Another benefit of stablecoins is that they have a dual purpose. Typical bank accounts are either savings (with interest earned) or current accounts (for day-to-day transactions). Stablecoins allow both functionalities, so they can be saved or spent easily.
And for residents of the UAE, who remit around 200 billion dirhams a year, stablecoins could provide a smoother, faster and lower-cost way of transferring money at the most competitive rates.
We have seen some strong global examples of stablecoin implementation. For example, you can pay businesses with US-dollar pegged stablecoins (USDC) through fintech Stripe and Visa which have a program to empower global transactions in USDC. Meanwhile, Japan's largest bank, MUFG, has a platform that allows banks and money agents to transact in yen stablecoins.
Increasing use cases
Interest is growing in secure transactions and the movement of real-world assets on the blockchain. Stablecoins are expected to play a big role in making this happen. We anticipate a significant shift, where more people and businesses will prefer to use stablecoins instead of traditional fiat money channels.
This is important because it paves the way for 'on-chain' foreign exchange. The current global foreign exchange market is the largest financial market in the world, with up to $ 7.5 trillion traded every single day. The rise of non-USD stablecoins means transactions can be cleared easily via blockchain-based systems. Real-world assets, in the form of digital tokens, could easily be bought and sold.
And, as foreign currency and global payments develop on the blockchain, we predict the emergence of crypto banks. Entire banking operations could occur via blockchain, facilitating a seismic shift in financial services, where customers can store, trade, exchange, make and receive payments without their money ever entering fiat channels.
Growing volume of stablecoins
Stablecoins have grown significantly in the background, to a point where a huge $11 trillion was settled with stablecoins last year. To put that into comparison, that's approximately the same as Visa's entire transactional volume, and bigger than the GDPs of India, the United Kingdom and Japan combined. This will only grow, as large financial institutions like banks increase their interactions with stablecoins for their operations, from investments to money exchange.

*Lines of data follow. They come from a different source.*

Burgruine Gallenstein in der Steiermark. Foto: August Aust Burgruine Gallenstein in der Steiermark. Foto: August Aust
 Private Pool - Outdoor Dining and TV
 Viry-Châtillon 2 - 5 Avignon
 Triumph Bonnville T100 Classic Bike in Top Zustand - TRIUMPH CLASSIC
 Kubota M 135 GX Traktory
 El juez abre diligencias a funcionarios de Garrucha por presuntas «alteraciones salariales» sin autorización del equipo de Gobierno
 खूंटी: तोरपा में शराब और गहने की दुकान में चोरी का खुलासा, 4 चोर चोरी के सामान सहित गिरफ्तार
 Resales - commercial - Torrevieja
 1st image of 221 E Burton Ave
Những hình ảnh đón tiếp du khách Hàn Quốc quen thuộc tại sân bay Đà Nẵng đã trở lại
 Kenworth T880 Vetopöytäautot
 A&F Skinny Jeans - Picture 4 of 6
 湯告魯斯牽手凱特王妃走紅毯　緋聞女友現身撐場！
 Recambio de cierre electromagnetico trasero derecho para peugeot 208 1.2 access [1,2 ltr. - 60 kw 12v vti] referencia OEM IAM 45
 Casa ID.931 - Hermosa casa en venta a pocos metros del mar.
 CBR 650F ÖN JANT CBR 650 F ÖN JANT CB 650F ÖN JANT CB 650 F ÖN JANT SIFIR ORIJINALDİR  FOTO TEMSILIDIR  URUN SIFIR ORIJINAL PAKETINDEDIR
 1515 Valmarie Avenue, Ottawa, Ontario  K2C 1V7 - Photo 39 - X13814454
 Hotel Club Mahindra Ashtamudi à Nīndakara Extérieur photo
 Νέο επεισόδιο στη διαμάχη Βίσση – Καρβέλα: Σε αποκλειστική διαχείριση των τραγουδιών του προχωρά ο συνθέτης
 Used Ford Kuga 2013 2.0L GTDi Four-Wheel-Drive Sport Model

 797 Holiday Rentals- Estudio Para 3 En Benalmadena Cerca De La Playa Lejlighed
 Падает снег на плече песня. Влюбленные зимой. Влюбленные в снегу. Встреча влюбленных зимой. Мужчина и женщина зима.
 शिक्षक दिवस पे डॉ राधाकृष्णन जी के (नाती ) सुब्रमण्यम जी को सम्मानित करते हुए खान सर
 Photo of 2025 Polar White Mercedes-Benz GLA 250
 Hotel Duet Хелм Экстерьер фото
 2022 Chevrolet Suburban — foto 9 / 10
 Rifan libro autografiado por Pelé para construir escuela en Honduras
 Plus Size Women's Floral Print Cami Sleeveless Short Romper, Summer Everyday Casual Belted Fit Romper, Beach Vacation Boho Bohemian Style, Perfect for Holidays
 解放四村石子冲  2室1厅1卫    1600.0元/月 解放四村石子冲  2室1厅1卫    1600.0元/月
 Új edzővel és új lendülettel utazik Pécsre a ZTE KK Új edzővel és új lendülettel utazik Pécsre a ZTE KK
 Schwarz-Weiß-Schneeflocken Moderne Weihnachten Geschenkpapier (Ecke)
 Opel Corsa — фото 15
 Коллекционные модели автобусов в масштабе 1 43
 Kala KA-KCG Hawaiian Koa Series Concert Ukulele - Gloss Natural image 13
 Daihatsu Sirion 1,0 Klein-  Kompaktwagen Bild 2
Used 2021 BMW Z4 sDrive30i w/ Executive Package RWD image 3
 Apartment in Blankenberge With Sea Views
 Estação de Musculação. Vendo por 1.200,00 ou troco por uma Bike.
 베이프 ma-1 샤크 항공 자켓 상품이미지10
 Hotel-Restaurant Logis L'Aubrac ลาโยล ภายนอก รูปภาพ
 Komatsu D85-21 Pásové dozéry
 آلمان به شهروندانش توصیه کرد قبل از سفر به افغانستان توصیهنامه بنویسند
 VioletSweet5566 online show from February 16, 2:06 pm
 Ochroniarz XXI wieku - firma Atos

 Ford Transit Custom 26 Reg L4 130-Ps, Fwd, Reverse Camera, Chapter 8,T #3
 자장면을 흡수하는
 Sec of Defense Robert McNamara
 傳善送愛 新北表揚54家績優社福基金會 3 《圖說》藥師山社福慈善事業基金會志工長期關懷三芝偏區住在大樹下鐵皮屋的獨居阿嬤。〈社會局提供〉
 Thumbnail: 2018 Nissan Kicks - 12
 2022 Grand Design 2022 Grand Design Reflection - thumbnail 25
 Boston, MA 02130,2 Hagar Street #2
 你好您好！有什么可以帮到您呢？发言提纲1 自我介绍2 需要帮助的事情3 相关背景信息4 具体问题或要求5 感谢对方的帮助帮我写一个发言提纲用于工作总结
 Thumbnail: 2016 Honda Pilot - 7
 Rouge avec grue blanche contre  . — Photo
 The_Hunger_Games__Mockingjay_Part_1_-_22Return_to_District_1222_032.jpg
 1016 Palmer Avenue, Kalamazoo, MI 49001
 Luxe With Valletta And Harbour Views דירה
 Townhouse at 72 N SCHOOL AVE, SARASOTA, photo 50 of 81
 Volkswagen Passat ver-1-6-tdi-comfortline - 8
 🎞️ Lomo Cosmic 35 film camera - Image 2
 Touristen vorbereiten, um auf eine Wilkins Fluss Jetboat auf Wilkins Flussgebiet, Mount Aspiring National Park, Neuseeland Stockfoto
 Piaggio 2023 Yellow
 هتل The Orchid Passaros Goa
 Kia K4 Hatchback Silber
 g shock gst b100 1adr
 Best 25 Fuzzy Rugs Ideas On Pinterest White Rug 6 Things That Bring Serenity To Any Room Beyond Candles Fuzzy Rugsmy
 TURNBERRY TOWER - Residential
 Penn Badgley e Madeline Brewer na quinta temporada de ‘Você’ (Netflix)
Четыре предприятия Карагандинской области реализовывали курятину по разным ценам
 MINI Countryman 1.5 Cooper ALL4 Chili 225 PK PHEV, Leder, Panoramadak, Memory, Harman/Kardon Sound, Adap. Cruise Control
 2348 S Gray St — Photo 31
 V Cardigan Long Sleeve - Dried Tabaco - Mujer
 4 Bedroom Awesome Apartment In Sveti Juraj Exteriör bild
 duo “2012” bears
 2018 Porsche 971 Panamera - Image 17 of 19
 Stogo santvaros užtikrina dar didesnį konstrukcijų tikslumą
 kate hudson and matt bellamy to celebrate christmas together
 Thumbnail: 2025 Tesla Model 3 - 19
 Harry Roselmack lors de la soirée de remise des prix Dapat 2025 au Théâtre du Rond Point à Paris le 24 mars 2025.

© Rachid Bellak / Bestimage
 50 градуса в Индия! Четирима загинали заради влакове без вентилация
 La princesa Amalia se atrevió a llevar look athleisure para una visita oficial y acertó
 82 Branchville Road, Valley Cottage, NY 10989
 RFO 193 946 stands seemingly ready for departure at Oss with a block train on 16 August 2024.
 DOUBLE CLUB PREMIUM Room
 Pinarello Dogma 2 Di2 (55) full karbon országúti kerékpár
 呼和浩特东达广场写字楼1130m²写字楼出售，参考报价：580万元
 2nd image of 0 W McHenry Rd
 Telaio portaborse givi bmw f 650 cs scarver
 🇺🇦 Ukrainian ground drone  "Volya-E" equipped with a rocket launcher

One key step in such growth is through the right regulations. For example, the Singapore Monetary Authority has introduced such a framework to add stability to the stablecoins regulated in Singapore, including minimum capital and liquidity, transparent processes and disclosure requirements. This followed significant consultation and collaboration with organisations in the financial ecosystem - ensuring product market fit.
Takeaway for the UAE
If regulators, incumbent banks and fintechs come together, stablecoins could transform the UAE's financial landscape. The UAE is forward-thinking in this way, with the Central Bank and regulators proactively driving collaboration and innovation, underpinned by robust regulation. A dirham-pegged stablecoin can support the UAE's ambitions to be a leader in digital assets, and in turn, propel the country to be the world's next great financial hub. For customers, it won't be long before the money you earn in the UAE can be shared globally with friends and family via stablecoins while maintaining transparency and security.